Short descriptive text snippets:
== Segment start ==

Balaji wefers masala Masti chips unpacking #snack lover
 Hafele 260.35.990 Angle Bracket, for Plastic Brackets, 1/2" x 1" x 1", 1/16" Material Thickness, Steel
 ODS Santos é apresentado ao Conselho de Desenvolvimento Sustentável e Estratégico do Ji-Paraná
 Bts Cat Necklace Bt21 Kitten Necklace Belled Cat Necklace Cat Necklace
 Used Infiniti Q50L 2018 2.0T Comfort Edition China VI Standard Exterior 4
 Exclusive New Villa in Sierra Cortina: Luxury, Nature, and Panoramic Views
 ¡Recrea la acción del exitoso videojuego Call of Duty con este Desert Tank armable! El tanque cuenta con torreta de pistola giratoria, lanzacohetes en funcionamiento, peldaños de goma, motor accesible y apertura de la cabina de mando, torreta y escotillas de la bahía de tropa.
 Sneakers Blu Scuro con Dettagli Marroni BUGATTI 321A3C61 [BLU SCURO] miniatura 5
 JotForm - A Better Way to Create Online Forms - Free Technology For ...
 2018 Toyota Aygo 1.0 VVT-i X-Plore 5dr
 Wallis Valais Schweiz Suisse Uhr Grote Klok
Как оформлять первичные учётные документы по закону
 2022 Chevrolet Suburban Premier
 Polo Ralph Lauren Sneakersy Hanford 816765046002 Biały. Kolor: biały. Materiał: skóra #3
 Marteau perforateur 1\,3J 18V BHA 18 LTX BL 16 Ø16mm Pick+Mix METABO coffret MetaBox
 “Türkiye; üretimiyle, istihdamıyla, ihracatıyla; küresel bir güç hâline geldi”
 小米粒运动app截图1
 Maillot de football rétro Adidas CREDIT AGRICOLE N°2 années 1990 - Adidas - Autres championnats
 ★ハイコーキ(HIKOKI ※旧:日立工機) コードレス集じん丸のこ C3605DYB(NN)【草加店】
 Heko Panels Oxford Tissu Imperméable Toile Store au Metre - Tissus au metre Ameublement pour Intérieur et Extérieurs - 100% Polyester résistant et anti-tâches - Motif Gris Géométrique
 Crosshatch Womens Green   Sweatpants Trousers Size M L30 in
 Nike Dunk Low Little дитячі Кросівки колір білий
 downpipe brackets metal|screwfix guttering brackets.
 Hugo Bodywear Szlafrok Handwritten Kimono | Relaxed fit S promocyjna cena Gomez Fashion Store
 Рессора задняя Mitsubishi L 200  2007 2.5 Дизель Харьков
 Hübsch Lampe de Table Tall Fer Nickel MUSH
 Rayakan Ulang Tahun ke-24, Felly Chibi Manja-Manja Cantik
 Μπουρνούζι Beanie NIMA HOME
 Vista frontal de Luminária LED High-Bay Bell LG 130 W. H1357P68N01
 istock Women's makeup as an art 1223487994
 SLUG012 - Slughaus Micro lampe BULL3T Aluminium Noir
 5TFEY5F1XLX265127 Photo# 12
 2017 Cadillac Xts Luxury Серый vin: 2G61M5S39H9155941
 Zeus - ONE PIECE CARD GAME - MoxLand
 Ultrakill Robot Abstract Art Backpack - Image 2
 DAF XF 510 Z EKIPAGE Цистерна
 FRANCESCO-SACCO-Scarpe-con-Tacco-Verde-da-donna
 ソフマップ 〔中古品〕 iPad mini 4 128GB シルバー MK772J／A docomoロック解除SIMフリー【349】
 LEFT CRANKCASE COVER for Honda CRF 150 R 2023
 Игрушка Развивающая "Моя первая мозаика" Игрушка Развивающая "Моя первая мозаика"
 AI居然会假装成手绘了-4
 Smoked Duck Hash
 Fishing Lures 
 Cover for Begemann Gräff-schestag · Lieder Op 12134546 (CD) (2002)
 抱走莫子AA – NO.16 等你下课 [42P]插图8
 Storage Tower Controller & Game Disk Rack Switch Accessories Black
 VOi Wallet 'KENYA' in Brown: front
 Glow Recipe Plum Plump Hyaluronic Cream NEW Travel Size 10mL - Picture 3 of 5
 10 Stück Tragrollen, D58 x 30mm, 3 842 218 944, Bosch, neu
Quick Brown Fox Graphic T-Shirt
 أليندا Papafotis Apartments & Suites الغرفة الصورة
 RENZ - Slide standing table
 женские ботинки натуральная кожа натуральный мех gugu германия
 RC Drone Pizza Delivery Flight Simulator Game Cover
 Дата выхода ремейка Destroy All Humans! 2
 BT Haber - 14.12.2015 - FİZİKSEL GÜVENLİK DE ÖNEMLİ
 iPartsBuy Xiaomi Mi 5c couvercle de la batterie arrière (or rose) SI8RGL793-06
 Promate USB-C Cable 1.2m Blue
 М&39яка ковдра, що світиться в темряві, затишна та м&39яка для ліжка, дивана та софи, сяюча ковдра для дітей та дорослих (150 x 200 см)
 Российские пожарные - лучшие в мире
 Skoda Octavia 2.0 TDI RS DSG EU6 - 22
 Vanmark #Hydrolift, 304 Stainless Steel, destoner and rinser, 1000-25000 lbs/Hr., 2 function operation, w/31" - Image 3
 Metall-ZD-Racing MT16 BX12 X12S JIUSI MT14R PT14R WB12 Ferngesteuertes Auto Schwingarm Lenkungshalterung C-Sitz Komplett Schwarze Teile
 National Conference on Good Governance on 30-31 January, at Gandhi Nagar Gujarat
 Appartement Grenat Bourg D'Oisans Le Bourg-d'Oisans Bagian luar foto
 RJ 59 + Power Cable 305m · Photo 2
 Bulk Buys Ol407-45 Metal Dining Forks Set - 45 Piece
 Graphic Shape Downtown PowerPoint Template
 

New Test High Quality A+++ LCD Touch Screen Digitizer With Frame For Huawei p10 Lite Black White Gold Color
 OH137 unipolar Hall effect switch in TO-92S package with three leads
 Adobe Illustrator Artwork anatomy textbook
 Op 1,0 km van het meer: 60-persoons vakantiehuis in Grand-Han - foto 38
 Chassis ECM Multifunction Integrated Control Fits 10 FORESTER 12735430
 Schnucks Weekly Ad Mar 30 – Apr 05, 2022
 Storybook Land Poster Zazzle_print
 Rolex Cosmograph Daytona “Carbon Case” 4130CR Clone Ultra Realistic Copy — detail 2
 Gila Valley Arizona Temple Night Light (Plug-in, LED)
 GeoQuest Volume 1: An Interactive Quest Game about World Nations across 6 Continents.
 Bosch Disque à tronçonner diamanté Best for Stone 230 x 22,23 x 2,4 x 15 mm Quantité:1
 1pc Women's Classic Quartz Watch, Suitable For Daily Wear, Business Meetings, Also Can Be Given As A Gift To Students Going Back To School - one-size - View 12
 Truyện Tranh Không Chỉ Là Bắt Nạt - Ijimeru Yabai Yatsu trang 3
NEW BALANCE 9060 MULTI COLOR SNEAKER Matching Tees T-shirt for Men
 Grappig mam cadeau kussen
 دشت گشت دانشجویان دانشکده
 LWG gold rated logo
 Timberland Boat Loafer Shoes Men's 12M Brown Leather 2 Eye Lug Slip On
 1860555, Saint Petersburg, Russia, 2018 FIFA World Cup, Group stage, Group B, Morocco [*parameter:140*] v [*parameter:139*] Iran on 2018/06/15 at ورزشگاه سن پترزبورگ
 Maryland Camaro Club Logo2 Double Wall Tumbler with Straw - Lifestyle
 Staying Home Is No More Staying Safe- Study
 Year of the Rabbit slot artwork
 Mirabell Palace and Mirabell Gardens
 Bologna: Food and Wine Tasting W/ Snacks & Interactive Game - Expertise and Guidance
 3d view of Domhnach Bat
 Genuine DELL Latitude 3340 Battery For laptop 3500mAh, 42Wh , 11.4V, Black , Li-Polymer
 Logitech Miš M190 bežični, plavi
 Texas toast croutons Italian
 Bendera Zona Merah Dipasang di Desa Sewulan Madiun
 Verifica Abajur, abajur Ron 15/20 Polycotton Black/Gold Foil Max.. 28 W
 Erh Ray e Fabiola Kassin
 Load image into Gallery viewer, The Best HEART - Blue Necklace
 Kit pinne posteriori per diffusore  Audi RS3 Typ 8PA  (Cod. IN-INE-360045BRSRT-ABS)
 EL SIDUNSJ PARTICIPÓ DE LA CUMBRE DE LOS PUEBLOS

== Segment end ==

◆ PROBLEM STATEMENT
Please reproduce, exactly as they appear above, the lines from the line containing "Truyện Tranh Không" up to and including the line containing "Logitech Miš M190 bežični, plavi".

◆ REPLY
 Truyện Tranh Không Chỉ Là Bắt Nạt - Ijimeru Yabai Yatsu trang 3
NEW BALANCE 9060 MULTI COLOR SNEAKER Matching Tees T-shirt for Men
 Grappig mam cadeau kussen
 دشت گشت دانشجویان دانشکده
 LWG gold rated logo
 Timberland Boat Loafer Shoes Men's 12M Brown Leather 2 Eye Lug Slip On
 1860555, Saint Petersburg, Russia, 2018 FIFA World Cup, Group stage, Group B, Morocco [*parameter:140*] v [*parameter:139*] Iran on 2018/06/15 at ورزشگاه سن پترزبورگ
 Maryland Camaro Club Logo2 Double Wall Tumbler with Straw - Lifestyle
 Staying Home Is No More Staying Safe- Study
 Year of the Rabbit slot artwork
 Mirabell Palace and Mirabell Gardens
 Bologna: Food and Wine Tasting W/ Snacks & Interactive Game - Expertise and Guidance
 3d view of Domhnach Bat
 Genuine DELL Latitude 3340 Battery For laptop 3500mAh, 42Wh , 11.4V, Black , Li-Polymer
 Logitech Miš M190 bežični, plavi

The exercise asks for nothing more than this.